Etrafımızdakileri, nitekim onların gereksinimlerini keşfedecek kadar tanımaya çalışmak çok zordur. Birini nitekim tanımak, gitmeye muhtaçlık duyduğu yere kadar ona eşlik etmeyi göze almak demektir” dedi.
“DUYGULARIMIZA VE DAVRANIŞLARIMIZA REHBERLİK EDER”
Bir yol seçmenin ve o yolda yürümenin yürek istediğini söyleyen Tuncer, “Seçtiğimiz yolda yürümek kadar, yanılgıyı kabul edip farklı bir metot denemek de yürek ister. Fare ile insan içindeki farkı anlatan şu öyküyü düşünelim: Şayet peyniri farenin onu bulacağını düşündüğünüz yerden kaldırırsanız, fare bir müddet daha sonra peyniri farklı yerlerde aramaya başlar. İnsan ise sonsuza kadar peyniri birebir yerde aramaya devam eder. Zira biz beşerler peynirin orada olması gerektiğine inanırız. Bu yüzden metot değiştirme gereksinimi hissetmeyiz. İnançlarımız, fikirlerimiz; hislerimize ve davranışlarımıza rehberlik eder. İnançlarımız kusurlu olduğu sürece benliğimiz ve etrafımızdakiler bu durumdan etkilenir” sözlerini kullandı.
“BAŞARIYI GETİREN EN KIYMETLİ ŞEY İNANÇ VE HEYECANDIR”

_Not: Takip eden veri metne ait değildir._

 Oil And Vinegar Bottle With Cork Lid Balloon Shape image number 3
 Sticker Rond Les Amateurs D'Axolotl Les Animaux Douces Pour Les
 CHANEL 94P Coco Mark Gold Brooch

her insanın başarılı olmak istediğini ve alanında en düzgünü olmayı düşlediğini lisana getiren Tuncer, “Bence başarıyı getiren en kıymetli şey inanç ve heyecandır. Bu ikisi yan yana olmalıdır. İnanç yoksa devamlılığınız olmaz. Bu da eylemsizlik manasına gelir. İç dünyamız hakkında ne kadar epeyce şey bilirsek, etrafımızdakilerle kurduğumuz bağlantı o kadar esnekleşir ve onların gereksinimlerine ahenk sağlayabiliriz. Yaptığınız şey sizi heyecanlandırmıyorsa, üretkenliğiniz yok olur ve yerinizde saymaya başlarsınız. Bu da ömrün otomatikleşmesine ve fark oluşturamamaya yol açar. Başarısızlık karşısında yol değiştirme hamasetini göstermeliyizdir. Bilgisizliğimiz tabansız kuyu değildir, içi bilgi ve tecrübe ile doldurulacak bir kaptır” kelamlarına yer verdi.